-- Opening Marker --
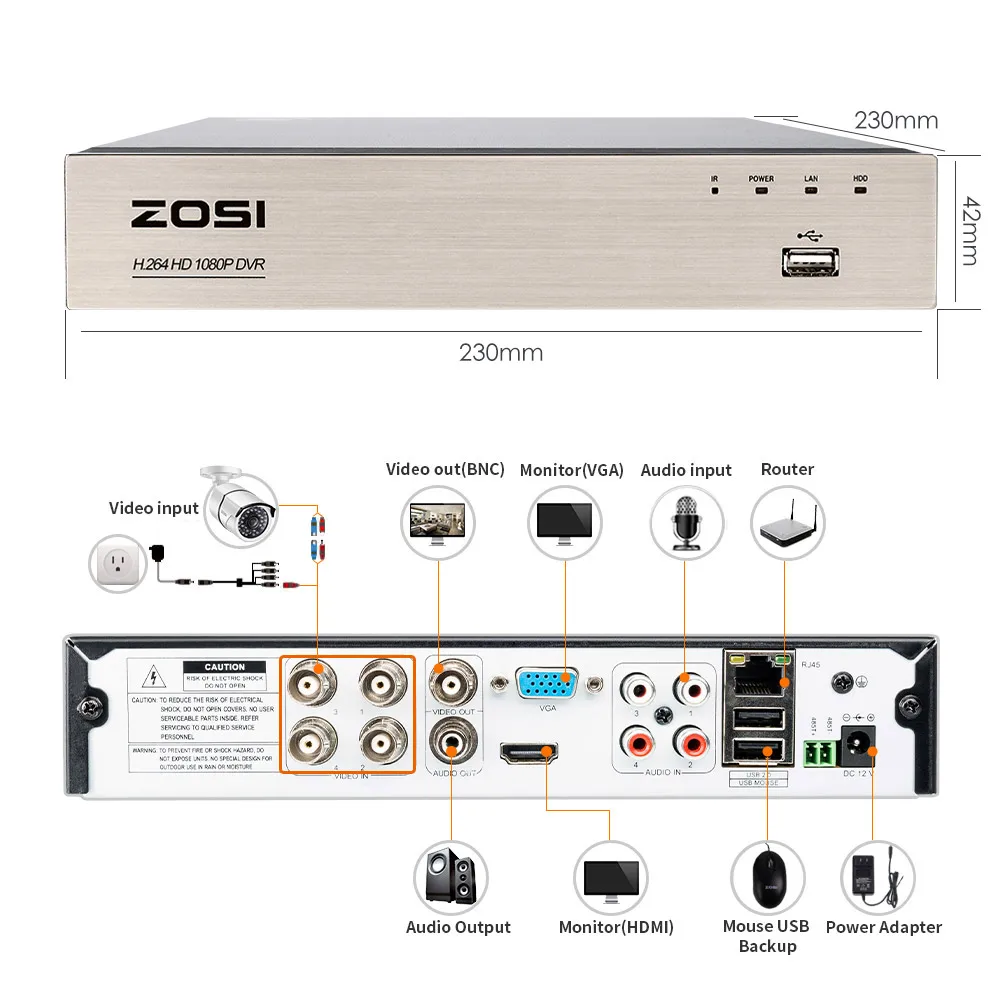 ZOSI 8CH электронная почта оповещение комплекты видеонаблюдения 1080P HD TVI DVR 8 шт. 2.0MP ИК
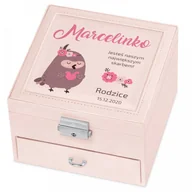 Pudełka i szkatułki - Murrano Szkatułka na Biżuterię Różowa z Nadrukiem Sówka SZKT-BR-032 - miniaturka - grafika 1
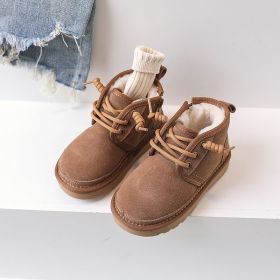 Fashion Thickened Warm Cotton Shoes (Option: Camel-27)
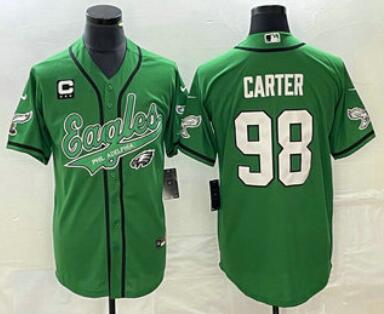 Men's Philadelphia Eagles #98 Jalen Carter Green C Patch Cool Base Stitched Baseball Jersey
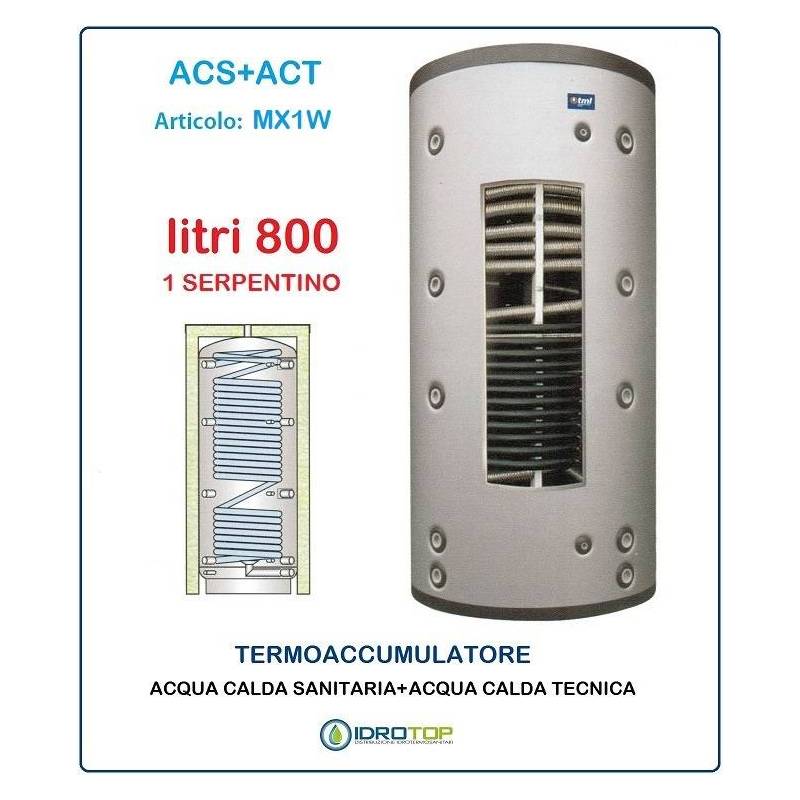 Termoaccumulatore 800 lt Bollitore Combinato ACS+ACT 1 Serpentino-Serbatoio Acqua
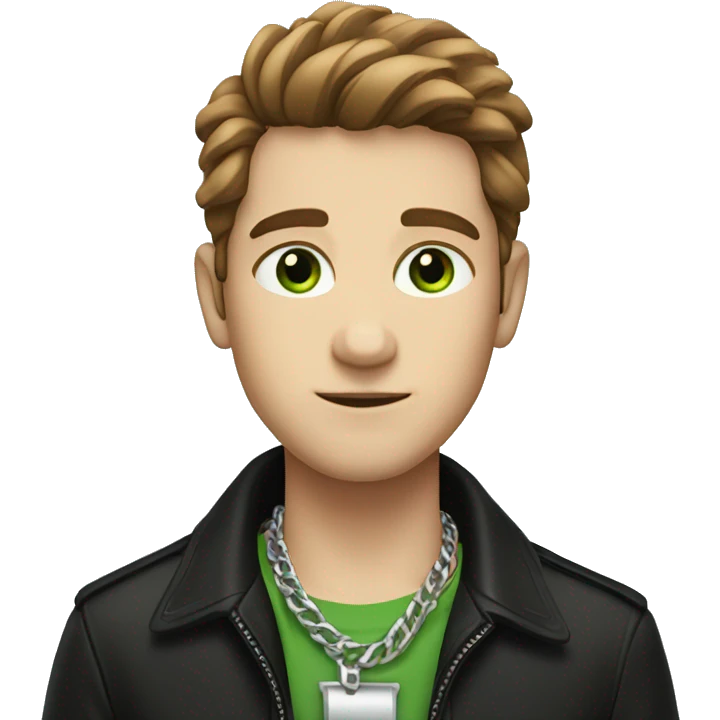 Brown luscious hair for a boy with a black jacket and silver chain across neck, green eyes emoji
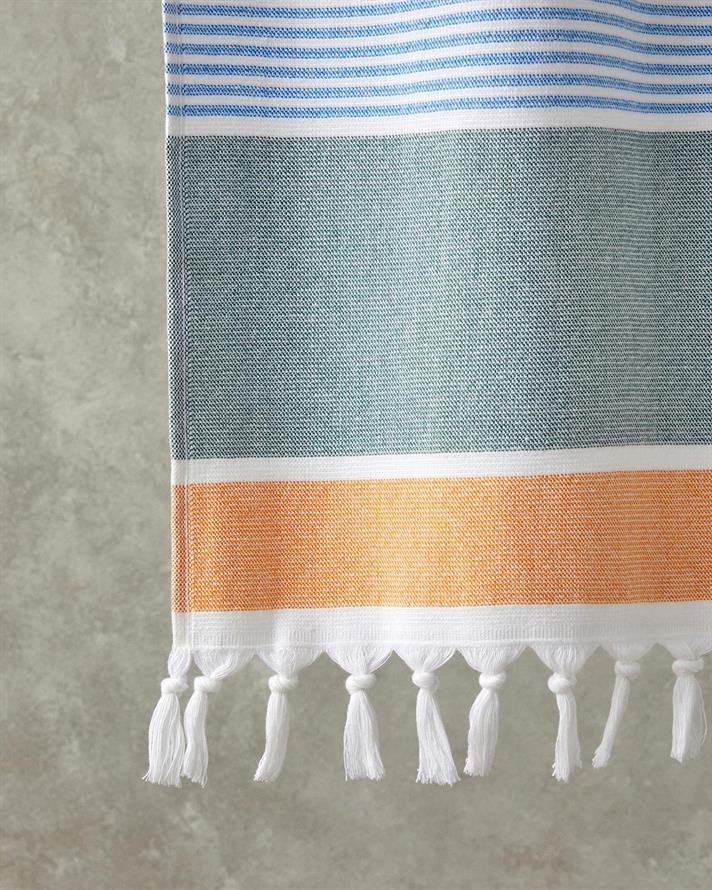 Nossa Cu Bumbac Cu Franjuri Prosop De Plajă 90x150 cm Ecru - Verde - Galben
-- Closing Marker --
Give the records back verbatim, pictures excluded.

> **ANSWER FOR THIS EXERCISE**:
 ZOSI 8CH электронная почта оповещение комплекты видеонаблюдения 1080P HD TVI DVR 8 шт. 2.0MP ИК
 Pudełka i szkatułki - Murrano Szkatułka na Biżuterię Różowa z Nadrukiem Sówka SZKT-BR-032 - miniaturka - grafika 1
 Fashion Thickened Warm Cotton Shoes (Option: Camel-27)
 Men's Philadelphia Eagles #98 Jalen Carter Green C Patch Cool Base Stitched Baseball Jersey
 Termoaccumulatore 800 lt Bollitore Combinato ACS+ACT 1 Serpentino-Serbatoio Acqua
 Brown luscious hair for a boy with a black jacket and silver chain across neck, green eyes emoji
 Nossa Cu Bumbac Cu Franjuri Prosop De Plajă 90x150 cm Ecru - Verde - Galben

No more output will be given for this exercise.